Copy controlled substance prescriptions
Another tip from Burgett's surveyor is extra protection for the surgery program as well as the physician. "He recommended that we make a photocopy of every prescription for controlled substances that we give to patients and include that copy in the chart," she says. "Because prescriptions for controlled substances have been altered to obtain additional refills or increased number of pills, the copy in the chart proves the dose, frequency, and number of refills ordered by the physician."
In addition to medication safety practices, Heatherley's surveyor also asked about physicians' awareness of their responsibilities in case of a surgical fire. "He wanted to know that if he stopped a surgeon and asked him about his role in a patient fire, the surgeon could answer accurately," she says. The surveyor pointed out that the physician should say: "Remove any burning materials from the patient and help put the fire out by putting the materials on the floor and extinguishing the fire, control any bleeding and prepare patient in case evacuation is necessary, put sterile towels over the surgical site if we need to move the patient, otherwise, finish surgery as quickly as possible and help move the patient." There is no confusion in her center, and physicians do know their responsibilities, she says. "We have a chart posted in the OR that describes everyone's role," she adds. [See a copy of the fire responsibility chart.]

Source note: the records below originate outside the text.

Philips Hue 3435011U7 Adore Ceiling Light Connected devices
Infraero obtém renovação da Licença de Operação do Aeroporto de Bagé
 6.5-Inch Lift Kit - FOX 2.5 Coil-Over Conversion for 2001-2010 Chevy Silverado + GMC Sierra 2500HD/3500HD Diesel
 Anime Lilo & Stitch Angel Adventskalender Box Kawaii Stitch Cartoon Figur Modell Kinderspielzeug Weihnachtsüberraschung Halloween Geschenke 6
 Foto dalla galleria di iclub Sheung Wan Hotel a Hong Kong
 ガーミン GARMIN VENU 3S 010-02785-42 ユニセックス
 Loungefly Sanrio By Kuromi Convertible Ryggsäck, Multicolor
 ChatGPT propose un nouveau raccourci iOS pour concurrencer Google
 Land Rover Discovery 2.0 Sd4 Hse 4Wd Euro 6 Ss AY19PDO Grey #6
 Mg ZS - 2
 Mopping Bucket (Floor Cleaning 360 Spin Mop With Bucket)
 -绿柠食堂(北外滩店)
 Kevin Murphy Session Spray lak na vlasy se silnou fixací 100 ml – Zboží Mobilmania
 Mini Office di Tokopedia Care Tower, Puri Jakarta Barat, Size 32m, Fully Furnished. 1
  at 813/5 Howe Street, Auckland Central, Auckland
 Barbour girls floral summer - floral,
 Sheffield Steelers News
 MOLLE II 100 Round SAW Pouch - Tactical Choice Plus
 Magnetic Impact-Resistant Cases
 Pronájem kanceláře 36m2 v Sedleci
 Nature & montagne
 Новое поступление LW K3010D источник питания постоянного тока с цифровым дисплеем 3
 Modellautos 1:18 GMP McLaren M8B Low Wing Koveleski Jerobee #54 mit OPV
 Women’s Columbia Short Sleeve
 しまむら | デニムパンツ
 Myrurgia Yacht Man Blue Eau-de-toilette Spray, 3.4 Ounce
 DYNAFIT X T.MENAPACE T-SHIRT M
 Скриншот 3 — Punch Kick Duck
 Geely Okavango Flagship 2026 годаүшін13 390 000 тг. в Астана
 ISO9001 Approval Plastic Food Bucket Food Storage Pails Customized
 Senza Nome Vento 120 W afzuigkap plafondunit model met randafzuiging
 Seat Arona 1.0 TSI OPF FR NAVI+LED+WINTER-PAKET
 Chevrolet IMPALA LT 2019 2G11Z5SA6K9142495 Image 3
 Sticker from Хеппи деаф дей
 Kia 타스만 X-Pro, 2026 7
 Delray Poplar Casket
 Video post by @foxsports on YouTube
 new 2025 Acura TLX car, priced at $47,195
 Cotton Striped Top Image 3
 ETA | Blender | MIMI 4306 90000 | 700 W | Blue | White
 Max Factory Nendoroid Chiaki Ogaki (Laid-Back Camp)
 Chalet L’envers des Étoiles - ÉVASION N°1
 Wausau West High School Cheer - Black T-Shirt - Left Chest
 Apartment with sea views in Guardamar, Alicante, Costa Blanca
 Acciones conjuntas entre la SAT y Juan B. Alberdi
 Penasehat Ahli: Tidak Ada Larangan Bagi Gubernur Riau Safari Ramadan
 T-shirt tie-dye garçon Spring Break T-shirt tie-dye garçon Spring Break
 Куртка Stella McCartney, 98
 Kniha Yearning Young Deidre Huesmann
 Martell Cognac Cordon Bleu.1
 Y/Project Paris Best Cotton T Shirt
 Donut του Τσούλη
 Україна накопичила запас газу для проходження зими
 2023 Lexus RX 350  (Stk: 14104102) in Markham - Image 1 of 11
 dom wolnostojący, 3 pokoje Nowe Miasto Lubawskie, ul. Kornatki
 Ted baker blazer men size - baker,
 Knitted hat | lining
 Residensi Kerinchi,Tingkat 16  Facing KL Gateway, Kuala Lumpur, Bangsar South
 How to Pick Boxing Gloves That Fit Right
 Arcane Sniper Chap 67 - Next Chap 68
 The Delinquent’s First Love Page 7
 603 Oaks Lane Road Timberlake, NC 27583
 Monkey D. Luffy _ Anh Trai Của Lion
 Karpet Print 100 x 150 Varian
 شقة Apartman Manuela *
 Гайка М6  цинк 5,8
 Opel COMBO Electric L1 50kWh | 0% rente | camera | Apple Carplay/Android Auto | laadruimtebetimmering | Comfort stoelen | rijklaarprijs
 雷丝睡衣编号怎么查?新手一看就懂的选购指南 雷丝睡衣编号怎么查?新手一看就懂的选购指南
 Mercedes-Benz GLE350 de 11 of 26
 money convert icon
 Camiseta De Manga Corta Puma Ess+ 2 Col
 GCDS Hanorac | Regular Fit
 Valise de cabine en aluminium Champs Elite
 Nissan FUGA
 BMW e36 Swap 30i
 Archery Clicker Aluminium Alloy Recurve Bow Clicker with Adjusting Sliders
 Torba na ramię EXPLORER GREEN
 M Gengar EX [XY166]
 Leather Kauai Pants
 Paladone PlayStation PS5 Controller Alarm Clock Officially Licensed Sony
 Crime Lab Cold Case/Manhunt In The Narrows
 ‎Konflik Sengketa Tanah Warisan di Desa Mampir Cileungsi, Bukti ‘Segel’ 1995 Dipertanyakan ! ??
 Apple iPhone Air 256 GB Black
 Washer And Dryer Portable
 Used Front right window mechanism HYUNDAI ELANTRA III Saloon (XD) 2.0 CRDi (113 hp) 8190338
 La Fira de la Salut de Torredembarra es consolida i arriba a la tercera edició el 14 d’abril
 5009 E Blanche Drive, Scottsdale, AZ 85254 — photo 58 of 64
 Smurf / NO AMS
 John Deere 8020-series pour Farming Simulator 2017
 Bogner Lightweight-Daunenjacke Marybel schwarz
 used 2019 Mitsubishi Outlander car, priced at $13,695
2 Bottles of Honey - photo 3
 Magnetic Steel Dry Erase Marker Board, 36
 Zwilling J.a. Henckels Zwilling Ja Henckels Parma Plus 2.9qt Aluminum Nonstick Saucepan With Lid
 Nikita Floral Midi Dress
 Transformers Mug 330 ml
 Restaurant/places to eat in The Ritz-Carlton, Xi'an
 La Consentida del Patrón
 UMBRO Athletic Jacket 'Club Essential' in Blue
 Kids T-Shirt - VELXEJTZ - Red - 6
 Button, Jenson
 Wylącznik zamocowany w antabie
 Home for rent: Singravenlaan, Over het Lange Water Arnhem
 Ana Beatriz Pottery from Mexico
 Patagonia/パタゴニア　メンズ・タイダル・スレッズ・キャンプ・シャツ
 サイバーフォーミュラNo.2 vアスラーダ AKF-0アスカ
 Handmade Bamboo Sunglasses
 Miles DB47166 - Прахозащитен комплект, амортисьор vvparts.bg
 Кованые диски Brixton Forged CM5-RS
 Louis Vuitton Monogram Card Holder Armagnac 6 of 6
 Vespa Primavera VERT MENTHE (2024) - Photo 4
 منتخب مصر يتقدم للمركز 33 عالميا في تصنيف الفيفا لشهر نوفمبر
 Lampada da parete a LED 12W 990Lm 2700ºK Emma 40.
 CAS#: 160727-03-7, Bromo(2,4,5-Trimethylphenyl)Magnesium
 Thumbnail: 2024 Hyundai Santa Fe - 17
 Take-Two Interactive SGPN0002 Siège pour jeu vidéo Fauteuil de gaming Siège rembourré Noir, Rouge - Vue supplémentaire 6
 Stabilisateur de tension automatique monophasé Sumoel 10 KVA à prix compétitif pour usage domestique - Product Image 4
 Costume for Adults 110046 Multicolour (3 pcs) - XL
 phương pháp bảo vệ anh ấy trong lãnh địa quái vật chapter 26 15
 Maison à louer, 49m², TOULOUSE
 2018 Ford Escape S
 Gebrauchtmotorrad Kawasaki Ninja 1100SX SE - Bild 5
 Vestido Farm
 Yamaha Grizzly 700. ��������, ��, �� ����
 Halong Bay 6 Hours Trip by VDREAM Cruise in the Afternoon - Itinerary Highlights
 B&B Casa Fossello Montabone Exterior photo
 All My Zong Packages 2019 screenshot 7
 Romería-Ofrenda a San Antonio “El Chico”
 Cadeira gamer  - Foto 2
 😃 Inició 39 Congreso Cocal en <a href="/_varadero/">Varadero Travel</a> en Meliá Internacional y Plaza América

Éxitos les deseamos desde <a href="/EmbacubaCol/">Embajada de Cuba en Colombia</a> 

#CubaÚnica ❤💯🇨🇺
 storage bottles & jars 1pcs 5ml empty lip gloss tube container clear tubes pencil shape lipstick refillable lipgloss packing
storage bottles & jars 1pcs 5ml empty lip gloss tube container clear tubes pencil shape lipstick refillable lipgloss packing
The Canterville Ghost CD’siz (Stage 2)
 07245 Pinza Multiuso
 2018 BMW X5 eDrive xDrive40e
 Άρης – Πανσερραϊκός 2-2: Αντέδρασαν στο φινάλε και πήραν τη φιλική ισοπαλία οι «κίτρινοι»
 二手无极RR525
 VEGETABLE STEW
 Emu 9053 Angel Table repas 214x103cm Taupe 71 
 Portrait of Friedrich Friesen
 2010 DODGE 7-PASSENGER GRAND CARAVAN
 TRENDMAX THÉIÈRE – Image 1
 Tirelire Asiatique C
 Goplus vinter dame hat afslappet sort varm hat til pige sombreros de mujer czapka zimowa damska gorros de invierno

Physicians must be involved in all patient safety activities, Heatherley says. "Our surveyor wanted to see minutes of the medical executive committee and other medical committee meetings at which we presented quality improvement [QI] studies related to patient safety," she says. This was no problem for Heatherley, because physicians on these committees often will suggest QI studies and participate in the studies, she says.
Reporting trends and ideas for QI studies is not enough, says Heatherley. "Our surveyor wanted to see closure," she says. "He wanted to see how we report the study findings and actions taken to improve performance back to medical staff members."